The only outside passenger was a burly, honest-looking countryman on the box, who, with his eyes fixed upon the dome of St Paul’s Cathedral, appeared so wrapt in admiring wonder, as to be quite insensible to all the bustle of getting out the bags and parcels, until one of the coach windows being let sharply down, he looked round, and encountered a pretty female face which was just then thrust out.
‘See there, lass!’ bawled the countryman, pointing towards the object of his admiration. ‘There be Paul’s Church. ‘Ecod, he be a soizable ‘un, he be.’
‘Goodness, John! I shouldn’t have thought it could have been half the size. What a monster!’
‘Monsther!—Ye’re aboot right theer, I reckon, Mrs. Browdie,’ said the countryman good-humouredly, as he came slowly down in his huge top-coat; ‘and wa’at dost thee tak yon place to be noo—thot’un owor the wa’? Ye’d never coom near it ‘gin you thried for twolve moonths. It’s na’ but a Poast Office! Ho! ho! They need to charge for dooble-latthers. A Poast Office! Wa’at dost thee think o’ thot? ‘Ecod, if thot’s on’y a Poast Office, I’d loike to see where the Lord Mayor o’ Lunnun lives.’
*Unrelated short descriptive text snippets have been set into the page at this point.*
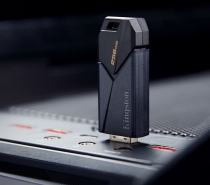 Накопитель Kingston  256GB USB 3.2 Type-A Gen1 DT Exodia Onyx DTXON/256GB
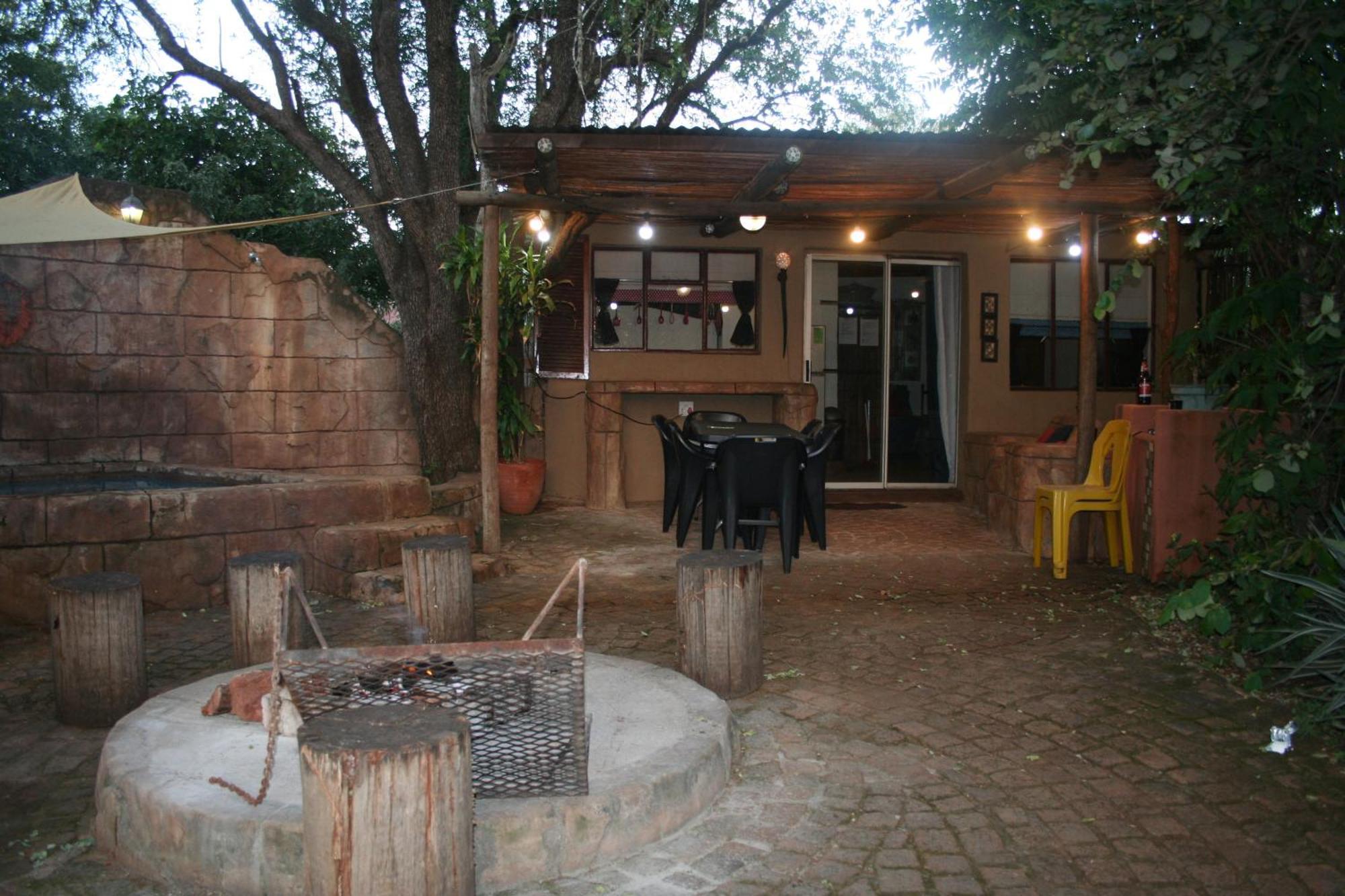 Kiburi Cottage @ Kruger مارلوث بارك المظهر الخارجي الصورة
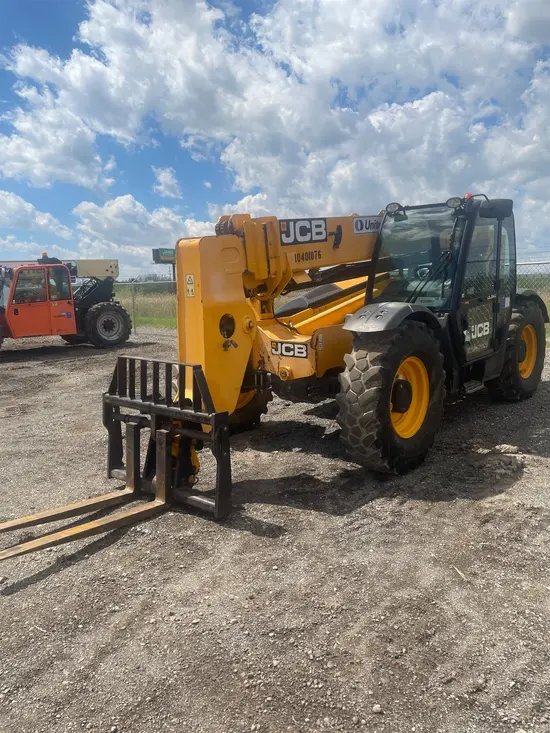 2015 JCB 507-42 Forklift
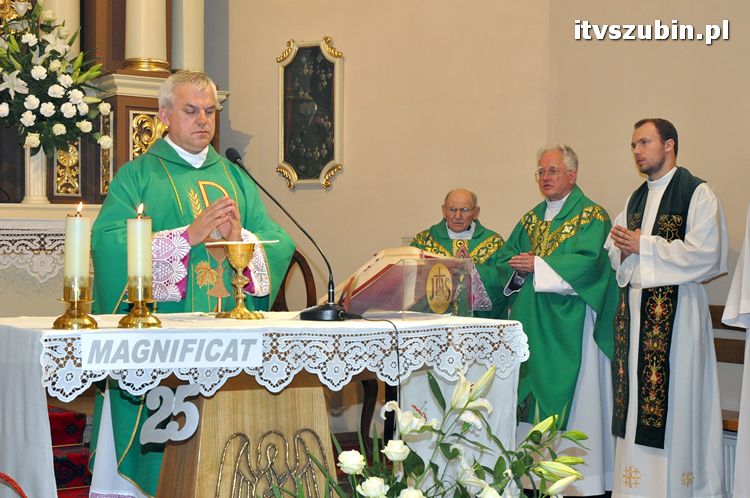 25-lecie złożenia Ślubów Zakonnych przez siostrę Michałę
So saying, John Browdie—for he it was—opened the coach-door, and tapping Mrs. Browdie, late Miss Price, on the cheek as he looked in, burst into a boisterous fit of laughter.
‘Weel!’ said John. ‘Dang my bootuns if she bean’t asleep agean!’
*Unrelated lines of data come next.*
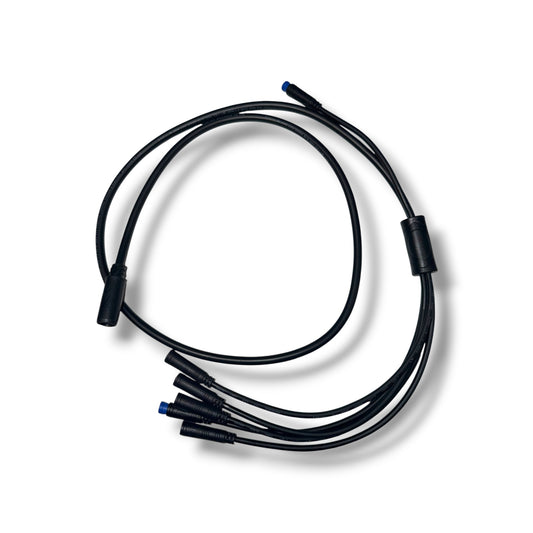 MACFOX Main Cable Wire Harness | X1/X2/X7/X7L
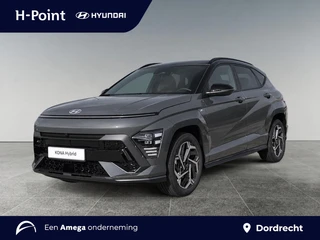 Hyundai Kona N Line TT 1.6 GDI HEV 137pk | BOSE SOUND | 360° CAMERA | ELEKTR. STOELEN | ELEKTR. ACHT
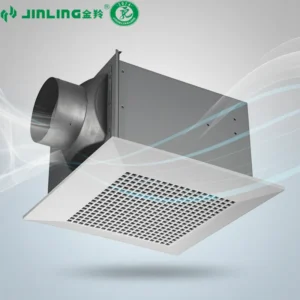 Mute Ventilation Fan, Ceiling, 220V, 1.5m³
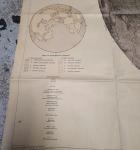 Moon Map: USGS Physiographic Divisions by Hackman Mason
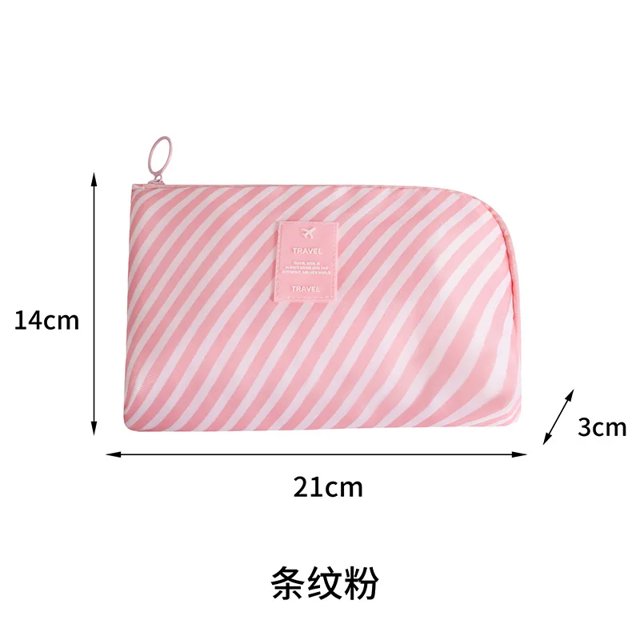 Travel Accessory Cable Bag Portable Digital USB Electronic Organizer Gadget Case Travel Cellphone Charge Mobile Charger Holder 3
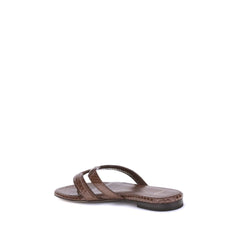 Sandálias Fendi Infradito Ayers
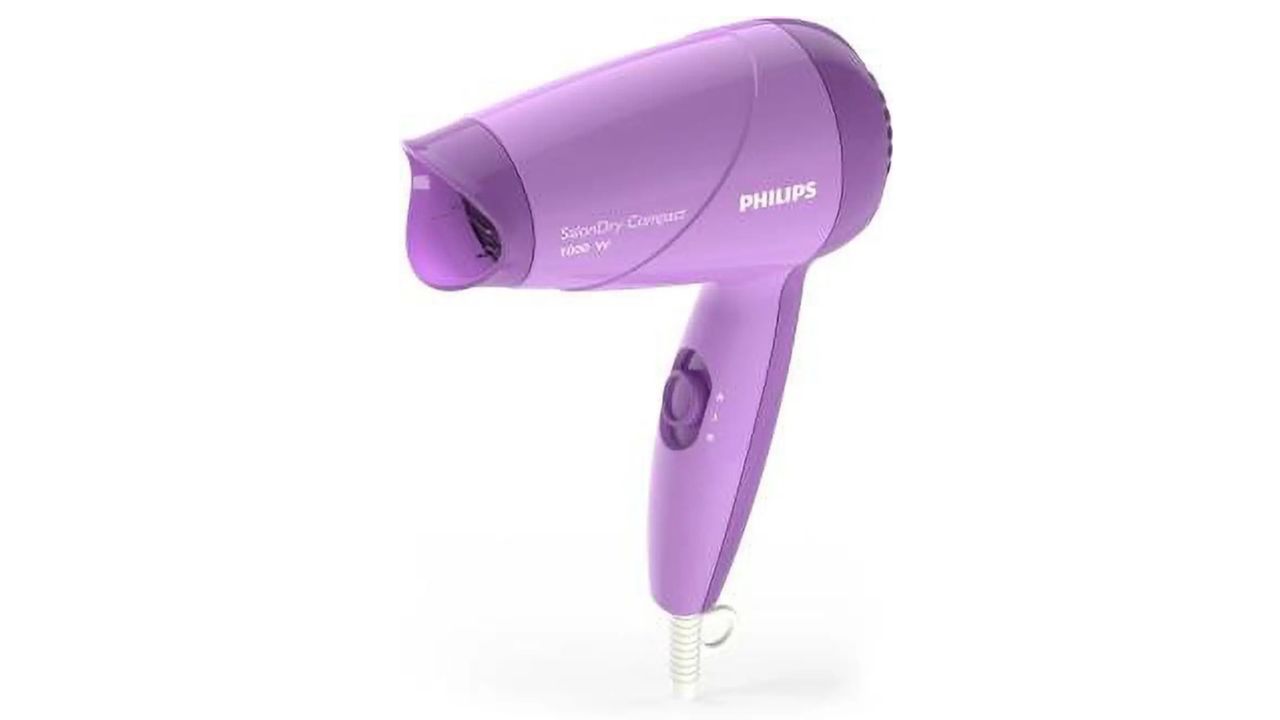 Philips HP8100/46 Hair Dryer – Budget-Friendly with the Basics Just Right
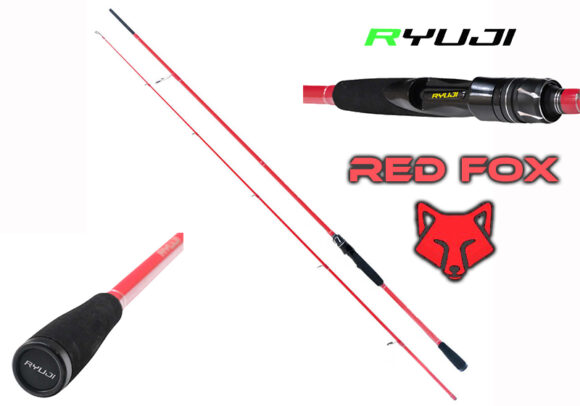 RYUJI RED FOX 5-55GR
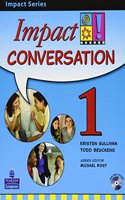 Impact Conversation Level 1 Student Book W/CD: (English)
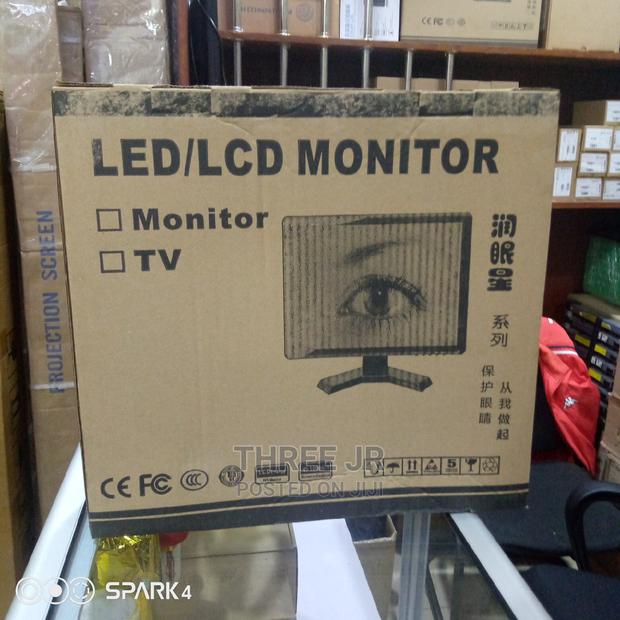 Touch Monitor 15inch - main view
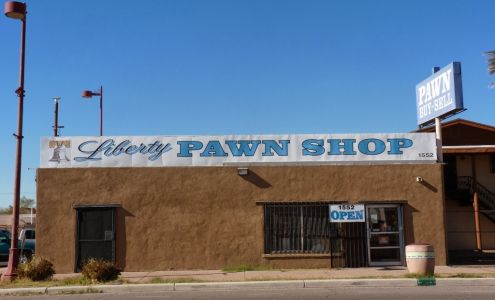 Liberty Pawn Shop
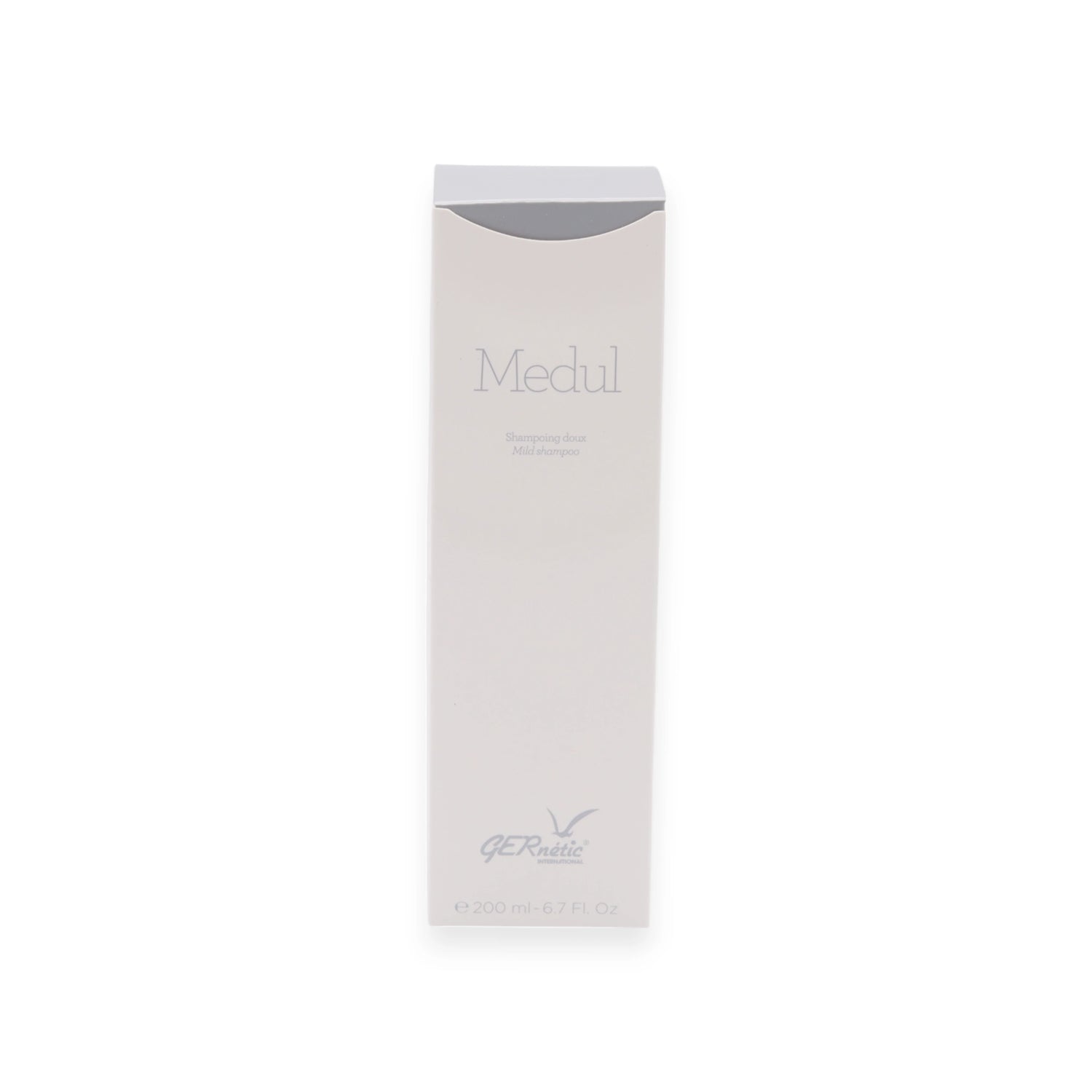 Shampoo Medul von GERnetic – Sanfte Haarpflege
‘She’s been asleep all night, and was, all yesterday, except for a minute or two now and then,’ replied John Browdie’s choice, ‘and I was very sorry when she woke, for she has been so cross!’
The subject of these remarks was a slumbering figure, so muffled in shawl and cloak, that it would have been matter of impossibility to guess at its sex but for a brown beaver bonnet and green veil which ornamented the head, and which, having been crushed and flattened, for two hundred and fifty miles, in that particular angle of the vehicle from which the lady’s snores now proceeded, presented an appearance sufficiently ludicrous to have moved less risible muscles than those of John Browdie’s ruddy face.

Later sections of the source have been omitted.